Where sustainability falls short.

Far from being a proper modern luxury firm, the troubles of The Body Shop still offer instructive advice for many operating on the ethical side of the modern luxury spectrum.

The beauty brand, at the directive of CEO Jeremy Schwartz, has gone all-in on sustainable in recent years, but a piece at Bloomberg reveals some of the false assumptions that have led to the brand’s downturn (bolded for our emphasis):

“Schwartz takes his approach too far. Most label-conscious consumers aren’t really diehard activists. This is part of what social scientists call the “ethical consumption gap”: People who claim sustainability is important to their purchase decisions often don’t put their money where their mouth is.

First and foremost, the modern consumer is still interested in product quality, and competitors appear to be getting better customer reviews. Whoever [acquires] The Body Shop will have to explain to customers in what way the company’s products are better than the growing crop of other “natural,” “sustainable” and “ethical” brands.”

Consider these takeaways:

  • Ethical alone isn’t enough. Shoppers don’t care as much as you think they do. We at Lean Luxe continue to stand firm on the belief that ethical products alone are not truly enticing. Rather, it’s the combination of great product — that just so happens to be ethical — which is the real draw. Ethical or sustainable in isolation is worthless, and an ethical-first company that just happens to make good products second will, over the long term, fare poorly in comparison to the type of brand whose ethical priorities are reversed.
  • Too volatile. The reason is simple: to base your company on the basis of a fad (no matter how well-meaning) leaves you incredibly exposed. As the fad dies out you’re left with a shell of a company whose main selling point no longer draws interest.

How this applies to modern luxury space: For ethical MLCs, it’s far too easy to get tunnel vision.

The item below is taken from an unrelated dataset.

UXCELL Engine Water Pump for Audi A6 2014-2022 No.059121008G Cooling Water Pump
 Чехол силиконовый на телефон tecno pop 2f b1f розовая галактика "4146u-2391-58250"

It takes very little effort to fall prey to the romanticism of the perfect ethical product, or to become entranced by the rosy vision of a verdant, sustainable future. But the smart companies know that product integrity — apart from activism or policy — is what keeps businesses running over the long term. A vehemently sustainable company like Patagonia, for example, wouldn’t matter — nor would it have lasted for 40 years — if the core product, first and foremost, was not up to par.